What would actually help is a "common scenarios" section at the top. Building a REST API with JWT? Here's the minimal config you need. Building a web app with form login? Here's yours. Building an OAuth2 resource server? Here's the setup. Start with the 80% case, not the complete architecture.

Credit where it's due: the migration guides for moving away from WebSecurityConfigurerAdapter are well-written. And the docs have been getting better over the past couple of years. The Spring team clearly listens to feedback. But there's still a gap between "I added the dependency" and "I understand how this works" that the docs don't bridge well.

When It Clicks

After the struggle, something shifts. It usually happens a few weeks in, after you've debugged your fifth 403 and configured your third project from scratch. The model starts making sense.

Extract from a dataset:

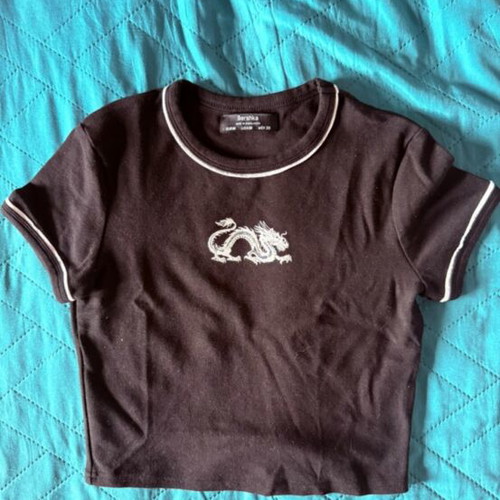 Bershka crop top like new, black with dragon design, size M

Every request goes through a pipeline of security checks. You configure which checks apply to which paths. Authentication answers "who are you?" Authorization answers "are you allowed to do this?" They're separate concerns, handled by separate components. That split is clean, and keeping them separate is the right design decision.

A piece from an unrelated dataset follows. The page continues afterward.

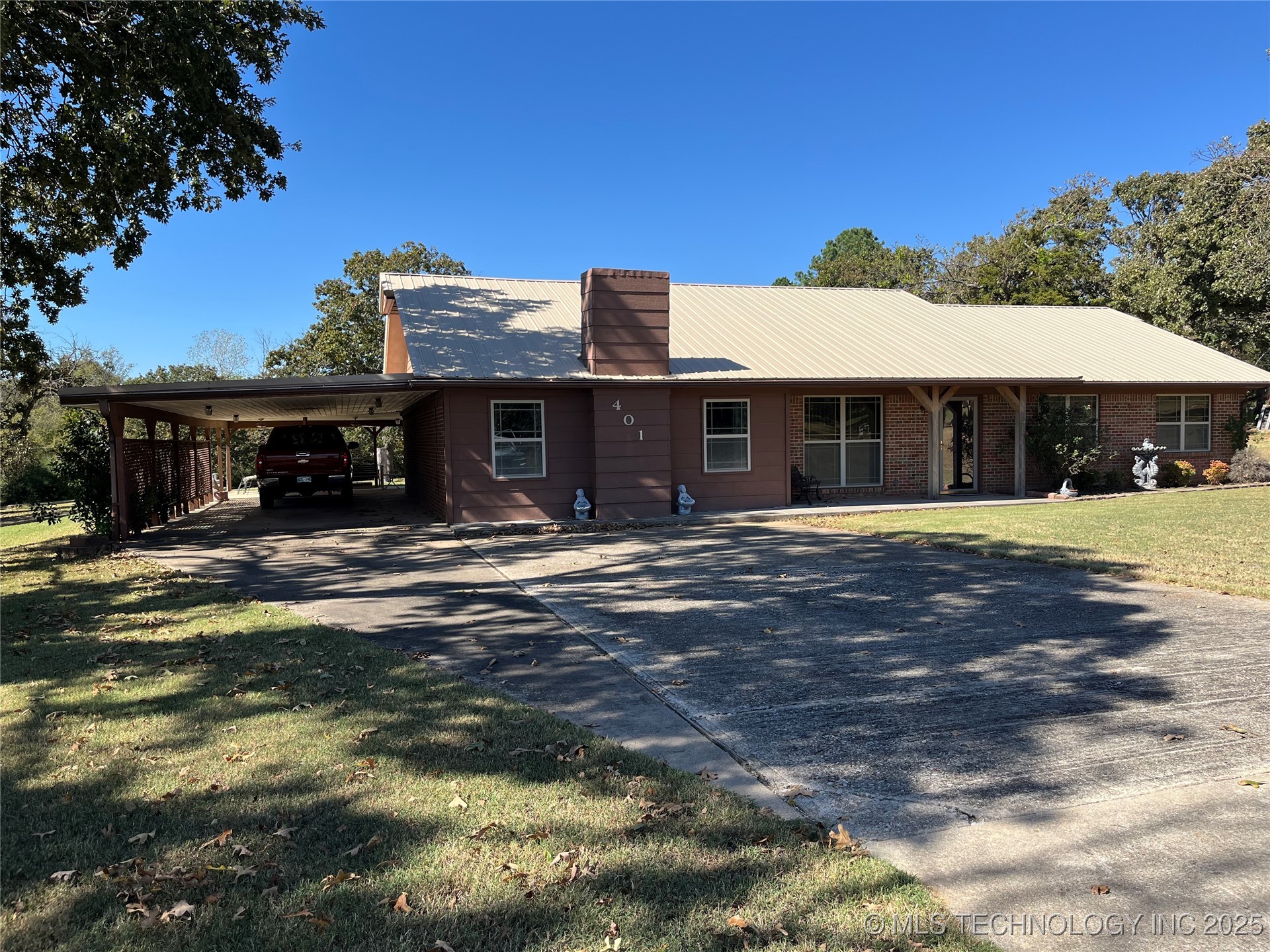 401 S New Bethel Property Photo 3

The SecurityFilterChain stops feeling like a mystery box and starts feeling like a configuration file. You know the patterns. CSRF off for APIs. Stateless sessions for token-based auth. Specific matchers before general ones. It becomes mechanical.

Then you discover method-level security, and things get even better:

@RestController
@RequestMapping("/api/posts")
public class PostController {

    @GetMapping
    public List<PostDto> getAllPosts() {
        // Public, no annotation needed
        return postService.findAll();
    }

    @PostMapping
    @PreAuthorize("hasRole('AUTHOR')")
    public PostDto createPost(@RequestBody CreatePostRequest request) {
        return postService.create(request);
    }

    @DeleteMapping("/{id}")
    @PreAuthorize("hasRole('ADMIN') or @postService.isOwner(#id, authentication.name)")
    public void deletePost(@PathVariable Long id) {
        postService.delete(id);
    }
}

Instead of configuring every endpoint in one central filter chain, you put the security rule right on the method. @PreAuthorize with SpEL expressions lets you write rules like "admins can delete any post, but authors can only delete their own." That's readable. That's maintainable. That's the kind of code where the security intent is obvious at a glance.

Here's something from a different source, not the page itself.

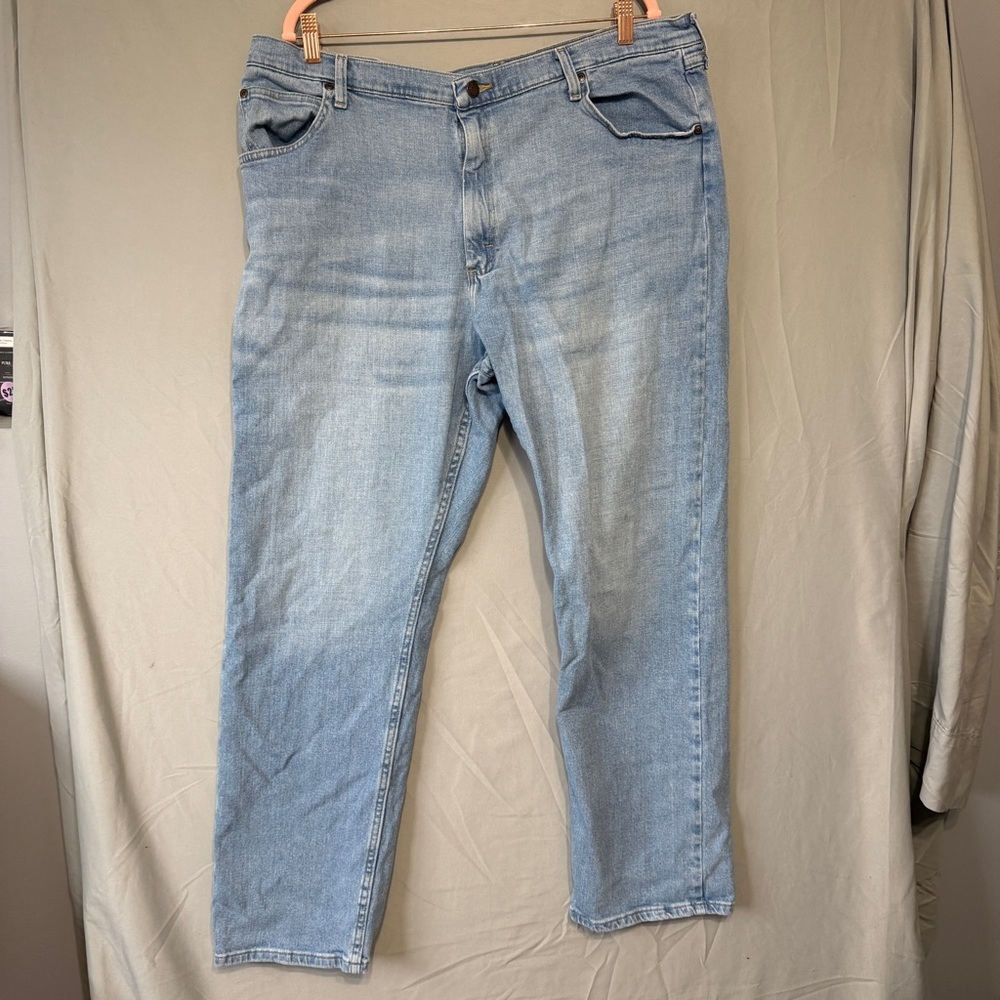 Wrangler Mens Straight Leg Jeans Size 40x32 Light Blue Denim Casual Everyday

The flexibility that frustrated you early on becomes an asset once you need it. Custom authentication for API keys, multi-tenant security with different auth providers per tenant, OAuth2 resource servers validating external JWTs. Spring Security handles all of these. The framework handles all of these because the design favors configurability over simplicity. That's a deliberate trade-off, and in hindsight, it's the right one.

The Friction Is the Point

Spring Security is hard. Steep learning curve. Unhelpful error messages. Defaults that confuse you if you're building a REST API. None of that is fun.

But security should be hard to get wrong. A framework that makes security configuration effortless probably makes it easy to misconfigure, too. The friction forces you to think about what you're allowing and what you're blocking. Every permitAll() is an explicit decision. Every hasRole() is an explicit decision. You can't accidentally leave an admin endpoint open because you forgot to add security. The default is locked down. You have to consciously open things up.

That's annoying on day one. It's reassuring on day 100 when you're running in production and handling real user data.

If you're in the middle of the struggle right now, it gets better. Disable CSRF if you're building an API. Set session management to stateless. Enable debug logging when you're stuck. Read the filter chain output line by line. Put your specific matchers before the general ones. And know that every Spring developer, including the ones who write confidently about it in blog posts, has spent time staring at a 403 wondering what they did wrong.

You'll get past it. And then you'll add security to your next project and wonder why you ever found it confusing. That's how it always goes.